Update: CUDA2.3 vs CUDA3.0 timing and cudaprof profiling

/*

 * ---------------------------

 * CUDA 2.3 (cudaprof) RESULTS

 * ---------------------------

 *

 * FLOAT (4bytes)	

 * width=1 --> 0.1670730 gst efficiency, 0.9125260 instruction throughput [6.70403 ms]

 * width=2 --> 0.1670730 gst efficiency, 0.2488550 instruction throughput [13.6427 ms]

 * width=3 --> 0.0835366 gst efficiency, 0.1401990 instruction throughput [20.9702 ms]

 * width=4 --> 0.0835366 gst efficiency, 0.0789088 instruction throughput [28.4861 ms]

 * width=5 --> 0.0556911 gst efficiency, 0.0605162 instruction throughput [36.5757 ms]

 * width=6 --> 0.0556911 gst efficiency, 0.0466050 instruction throughput [45.6414 ms]

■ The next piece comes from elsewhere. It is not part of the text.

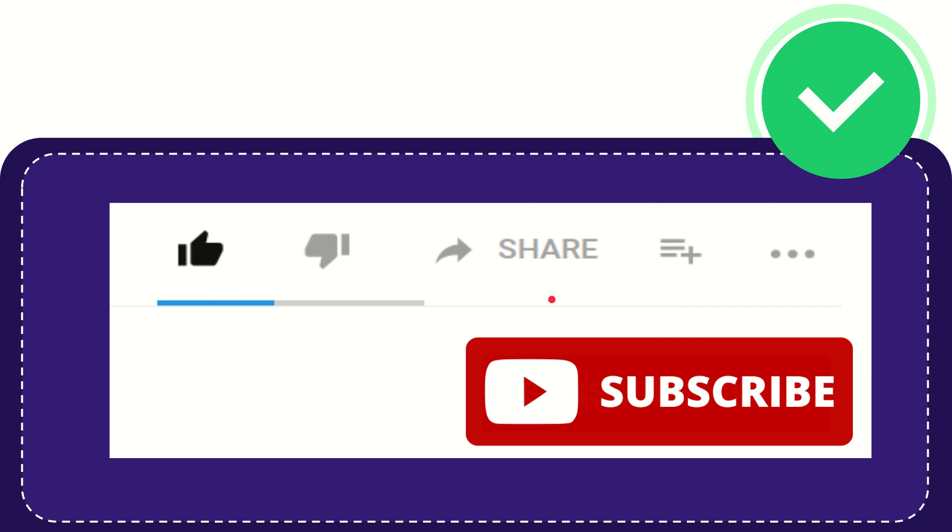Thank you so much for watching this video. And see you again in another video. Bye-bye. See you again.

 * width=10 --> 0.033415 gst efficiency, 0.0218390 instruction throughput [84.0510 ms]

 *

 * DOUBLE (8bytes)

 * width=1 --> 0.1670730 gst efficiency, 0.4957300 instruction throughput [13.4160 ms]

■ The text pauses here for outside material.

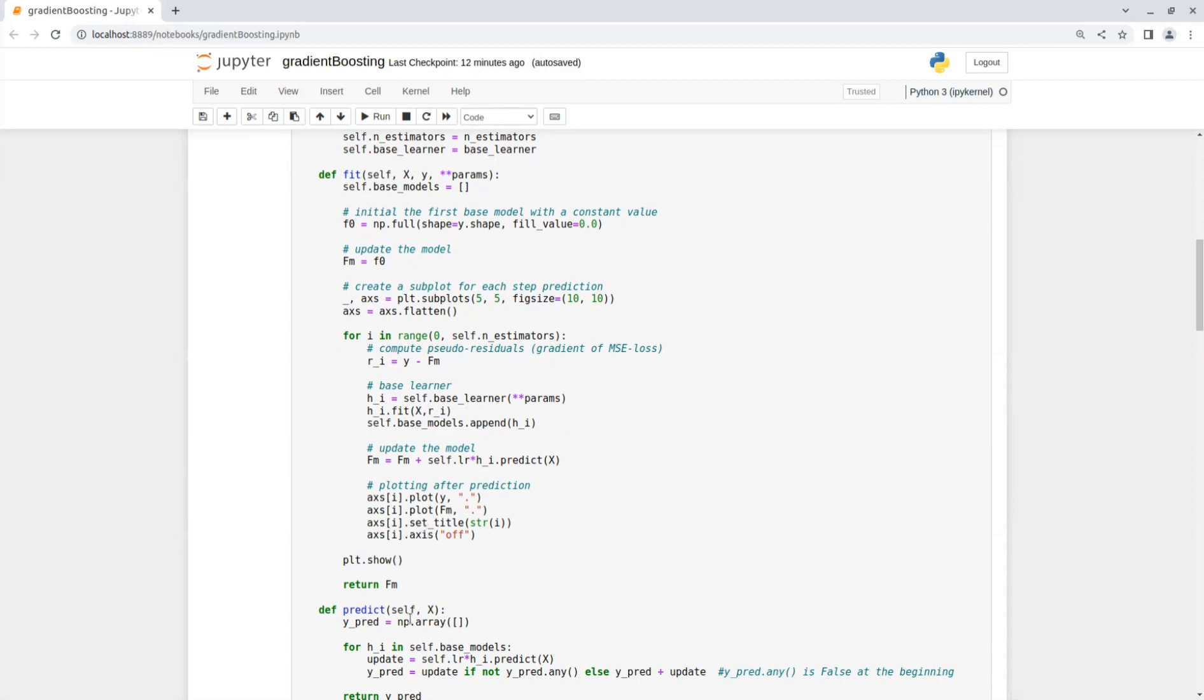So after training is done, we do plot.show and return the model predictions.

 * width=2 --> 0.0835366 gst efficiency, 0.1355670 instruction throughput [26.6588 ms]

 * width=3 --> 0.0556911 gst efficiency, 0.0734652 instruction throughput [41.1372 ms]

 * width=4 --> 0.0417683 gst efficiency, 0.0423322 instruction throughput [56.3955 ms]

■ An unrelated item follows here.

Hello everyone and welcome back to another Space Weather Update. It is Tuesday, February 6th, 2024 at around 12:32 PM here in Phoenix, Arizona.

 * width=10 --> 0.016707 gst efficiency, 0.0163741 instruction throughput [154.675 ms]

*/

/*

 * CUDA 3.0 (cudaprof) RESULTS

 *

 * FLOAT (4B, 64-bit)

 * width=1 --> Time taken: 0.225888 milliseconds. [9284.03 Million Writes/Second] | 100% gst_64b | 0.518179 instruction_throughput

 * width=2 --> Time taken: 0.652352 milliseconds. [6429.51 Million Writes/Second] | 90.5% gst_64b, rest gst_128b

 * width=3 --> Time taken: 1.23091 milliseconds. [5111.22 Million Writes/Second]  | 93.3% gst_64b, rest gst_128b 

 * width=4 --> Time taken: 2.02573 milliseconds. [4141.03 Million Writes/Second]  | 90.0% gst_64b, rest gst_128b

 * width=5 --> Time taken: 3.13894 milliseconds. [3340.54 Million Writes/Second]  | 91.6% gst_64b, rest gst_128b

 * width=6 --> Time taken: 4.41062 milliseconds. [2852.86 Million Writes/Second]  | 89.7% gst_64b, rest gst_128b

 * width=15 --> Time taken: 24.286 milliseconds. [1295.29 Million Writes/Second]  | 88.4% gst_64b, 10% gst_128b, rest gst_32b | 0.0343001 instruction_throughput

*/

#define N (1<<21)  // ~2M

__global__ void naive(TYPE* d){

	int tid = blockDim.x*blockIdx.x+threadIdx.x;

	TYPE R = RESULT;

	

	if (tid < N){

		for (int w=0; w<WIDTH; ++w){

			d[tid*WIDTH+w] = R;

			// t0: 0

	   			// t1: 1*W+W

					// t15: 15*W+W

					// tn: nW+W = W(n+1) = 16W bytes = 64W byte segment size(float)

			// According to ProgrammingGuide (pg91) coalescing will occur if all

		 		// threads access a segment of size 128bytes for 4/8-byte words and so

						// coalescing should occur for width=1 or width=2 ?

		}		

	}

}
  1. How do you know what’s perfectly coalesced? And, if not, how close (1…1/16)?

  2. If we compare, for example, width=1 with width=15 can we just divide instruction throughputs to get a relative performance ratio:

    (0.518179 instruction throughput) / (0.0343001 instruction_throughput) =~ 15.1

    thus, w=1 is 15x faster than w=15 ??